The real merit is in crafting the antagonist as an archetype: Not an angry human like Freddy Krueger, not a wild animal like Leatherface and not a phantom with a vendetta like Jason Vorhees. Myers is just violence drawn by adolescent sex drive, for no reason other than that’s scary.

The fact that this threadbare motive isn’t so flimsy as to collapse the whole plot is a foundational principle of slasher flicks. On a certain primal level, we understand why sexuality incites horror. Whether from fear of emotional vulnerability to another, or performance anxiety or basic carnal repression, we get that sex has an inherent anxiety--it has power. In Halloween and its many misbegotten spawn, that power is a fatal one.

The only character who escapes that power--Jamie Lee Curtis--is the “virginal” type. Myers has gone through her pals like Ted Bundy on a crack binge, but he balks during the many attempts to do her in. Faced with her sexual innocence, Myers fumbles like an overanxious geek trying to score with the prom queen. He can’t hold the object of his desire and, try as he might with his handy butcher knife, he can’t penetrate her fatality. Just like in the unicorn legends, only a virgin maid can tame the beast without getting the shaft. Jamie Lee manages to bungle her way into defeating him three times before deus ex machina can arrive in the form of Donald Pleasance with an itchy trigger finger. Penetrated by an older male, our phantom of teen sex falls like the limp dick he is and fades away.

Confronted by all these coincidental sex metaphors, Carpenter and Hill have claimed they were unintentional. I only buy that as far as I can throw their ids. They may not have spent weed-fueled late-night brainstorm sessions analyzing why what they were writing was scary, but they knew how scary was supposed to work. Whether Halloween and its host of imitators understood why the ethics of its plot were palatable to the viewing public is irrelevant. That’s like trying to figure out libido itself. They worked because, for the common viewer, they were instinctively understood.

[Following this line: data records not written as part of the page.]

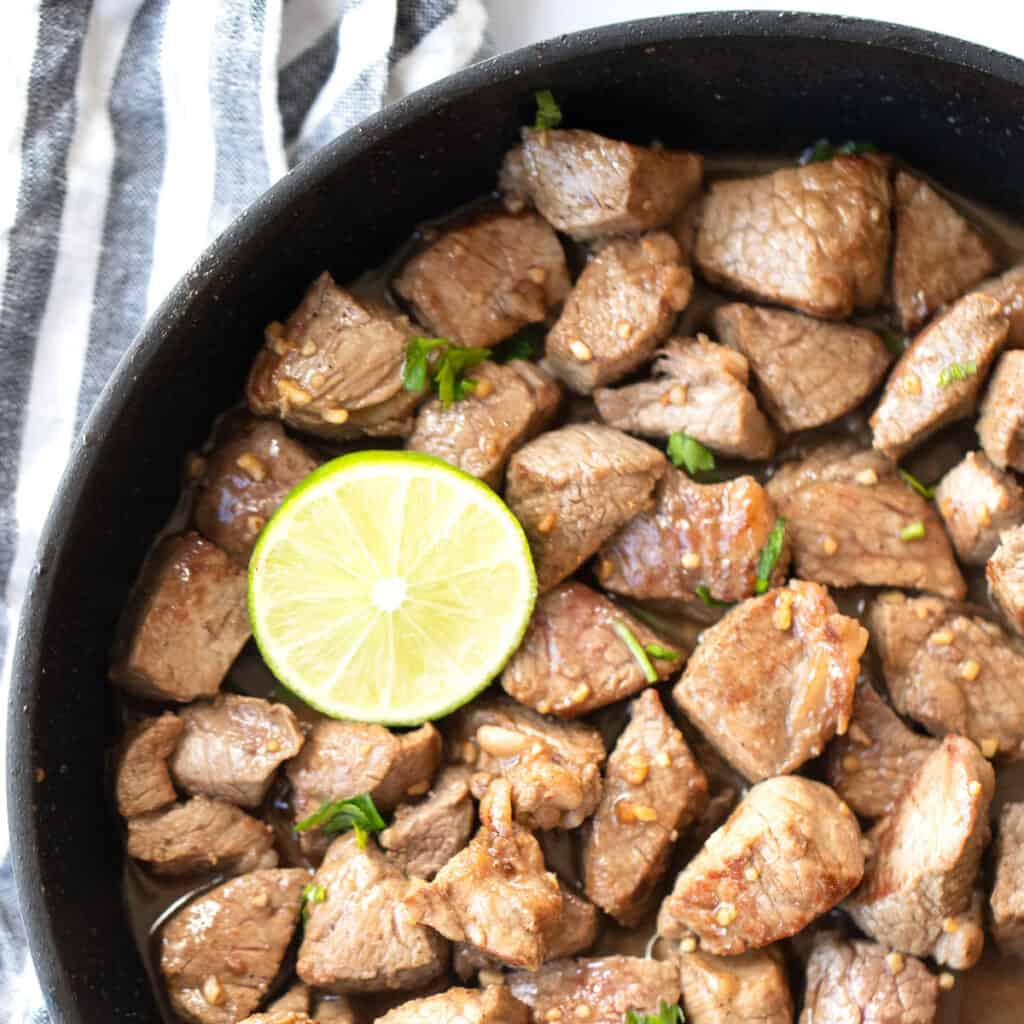 Honey garlic steak bites in a cast iron skillet with a fresh lime.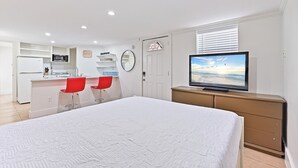 A bedroom with a large bed, a television on a dresser, and a kitchenette in the background.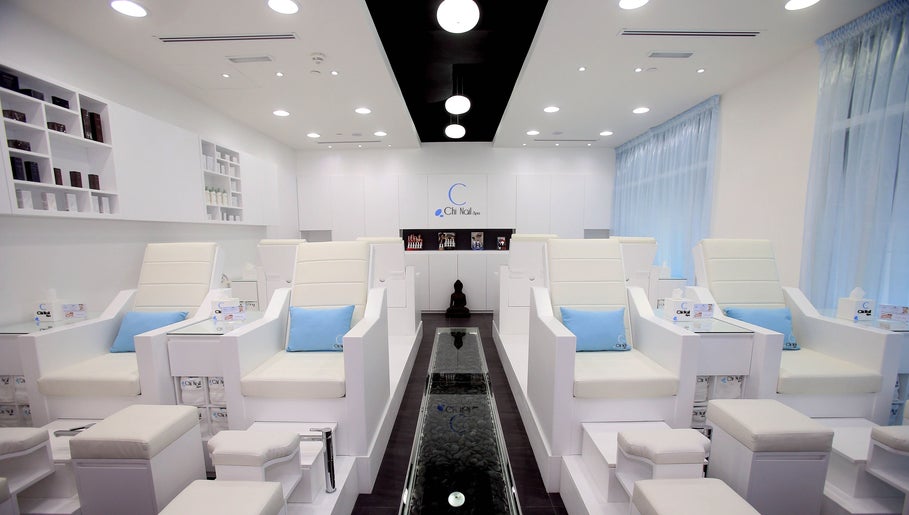 Chi Nail Spa - JVT in Dubai offers serene white interiors with plush seating for ultimate relaxation.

That’s what keeps people buying tickets and what keeps the basic motif of Halloween flowering into knock-offs where the nubile die for nookie. Viewers don’t need Freud sharing their popcorn to get that sex has a whiff of death to it and that the sexually innocent should avoid that fatality if the moral universe is to be sane and orderly.

Even audiences in the know may roll their eyes, but still tune in to see boobs, and those who dare to touch them, drenched in blood. That dark and restless corner of the libido that never quite exited the adolescence into the light is fascinated with sex’s forbidden thrill.

And that’s the sole reason Halloween remains relevant. Out of legions of cinematic exercise, it’s the seminal model--the originator of the modern model for sex as fear. It’s the pure power of the gaze, stripped of all the safety identity grants by clever camera work and minimalist editing. To see it is to stare into the abyss of adolescent libido at its purest and most vulnerable.

If you can look past the Farrah hair and overacting, that is.